• INPUT RECORDS:
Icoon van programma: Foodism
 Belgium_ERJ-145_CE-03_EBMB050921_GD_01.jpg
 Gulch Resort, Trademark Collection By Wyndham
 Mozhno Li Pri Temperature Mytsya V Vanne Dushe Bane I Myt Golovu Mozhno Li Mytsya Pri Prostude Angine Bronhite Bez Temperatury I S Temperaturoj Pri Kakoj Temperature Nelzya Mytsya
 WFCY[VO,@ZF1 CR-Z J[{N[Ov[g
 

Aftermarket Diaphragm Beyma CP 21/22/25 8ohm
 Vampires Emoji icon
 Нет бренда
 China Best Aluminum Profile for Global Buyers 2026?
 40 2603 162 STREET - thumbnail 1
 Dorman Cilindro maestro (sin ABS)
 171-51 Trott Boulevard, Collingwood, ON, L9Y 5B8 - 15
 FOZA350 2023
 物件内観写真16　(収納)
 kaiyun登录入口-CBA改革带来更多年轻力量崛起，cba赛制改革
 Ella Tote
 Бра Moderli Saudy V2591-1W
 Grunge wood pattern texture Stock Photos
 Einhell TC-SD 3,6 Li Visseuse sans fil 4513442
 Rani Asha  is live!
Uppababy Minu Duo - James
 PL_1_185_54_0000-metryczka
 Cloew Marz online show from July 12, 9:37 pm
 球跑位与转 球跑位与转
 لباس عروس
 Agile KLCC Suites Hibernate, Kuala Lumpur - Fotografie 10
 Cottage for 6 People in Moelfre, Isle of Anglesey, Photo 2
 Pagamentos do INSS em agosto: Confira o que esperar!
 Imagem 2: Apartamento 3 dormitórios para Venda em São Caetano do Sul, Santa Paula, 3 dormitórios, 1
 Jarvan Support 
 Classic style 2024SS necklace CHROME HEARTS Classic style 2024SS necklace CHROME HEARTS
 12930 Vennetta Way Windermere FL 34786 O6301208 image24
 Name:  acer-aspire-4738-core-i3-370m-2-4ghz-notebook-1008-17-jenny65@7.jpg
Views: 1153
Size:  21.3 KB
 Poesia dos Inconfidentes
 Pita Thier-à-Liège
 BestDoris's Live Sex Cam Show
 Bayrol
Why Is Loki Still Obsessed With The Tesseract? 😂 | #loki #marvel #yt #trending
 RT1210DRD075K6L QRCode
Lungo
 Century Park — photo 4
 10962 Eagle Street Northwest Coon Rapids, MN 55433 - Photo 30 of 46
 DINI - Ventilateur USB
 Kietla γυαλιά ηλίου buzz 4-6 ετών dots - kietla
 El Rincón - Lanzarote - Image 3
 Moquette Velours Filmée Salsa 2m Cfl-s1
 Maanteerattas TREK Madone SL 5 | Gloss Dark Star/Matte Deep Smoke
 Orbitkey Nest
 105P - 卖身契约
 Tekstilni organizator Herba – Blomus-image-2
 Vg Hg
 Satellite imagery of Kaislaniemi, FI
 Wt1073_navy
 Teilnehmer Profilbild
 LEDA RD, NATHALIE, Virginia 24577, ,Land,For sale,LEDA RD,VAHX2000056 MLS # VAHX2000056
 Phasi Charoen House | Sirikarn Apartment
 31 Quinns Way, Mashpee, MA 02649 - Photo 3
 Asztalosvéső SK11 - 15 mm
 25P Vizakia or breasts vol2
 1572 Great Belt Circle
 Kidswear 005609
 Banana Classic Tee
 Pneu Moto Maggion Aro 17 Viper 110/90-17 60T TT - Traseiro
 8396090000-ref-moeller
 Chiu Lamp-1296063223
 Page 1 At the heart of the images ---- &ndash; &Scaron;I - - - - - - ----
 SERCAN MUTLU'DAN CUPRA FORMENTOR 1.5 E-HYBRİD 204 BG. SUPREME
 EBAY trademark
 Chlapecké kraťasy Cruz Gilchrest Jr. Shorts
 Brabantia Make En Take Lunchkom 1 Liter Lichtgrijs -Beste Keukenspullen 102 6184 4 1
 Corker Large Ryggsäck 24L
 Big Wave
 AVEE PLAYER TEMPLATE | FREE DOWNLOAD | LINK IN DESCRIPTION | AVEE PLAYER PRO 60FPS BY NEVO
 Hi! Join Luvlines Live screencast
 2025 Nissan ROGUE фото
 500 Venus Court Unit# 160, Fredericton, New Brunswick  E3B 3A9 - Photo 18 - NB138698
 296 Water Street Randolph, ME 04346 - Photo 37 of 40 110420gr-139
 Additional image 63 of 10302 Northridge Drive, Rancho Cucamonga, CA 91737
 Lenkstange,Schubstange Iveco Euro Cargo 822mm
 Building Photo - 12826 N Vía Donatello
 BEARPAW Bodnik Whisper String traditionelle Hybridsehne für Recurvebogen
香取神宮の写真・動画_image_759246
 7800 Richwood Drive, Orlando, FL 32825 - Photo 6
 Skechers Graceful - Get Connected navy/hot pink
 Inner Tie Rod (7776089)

• WHAT THIS TASK INVOLVES: From the listing above, return the lines starting at the one with "Grunge wood pattern texture Stock Photos" and ending at the one with "Cottage for 6", both kept, exactly as they appear and nothing more.

• RESPONSE FOR THIS EXERCISE:
 Grunge wood pattern texture Stock Photos
 Einhell TC-SD 3,6 Li Visseuse sans fil 4513442
 Rani Asha  is live!
Uppababy Minu Duo - James
 PL_1_185_54_0000-metryczka
 Cloew Marz online show from July 12, 9:37 pm
 球跑位与转 球跑位与转
 لباس عروس
 Agile KLCC Suites Hibernate, Kuala Lumpur - Fotografie 10
 Cottage for 6 People in Moelfre, Isle of Anglesey, Photo 2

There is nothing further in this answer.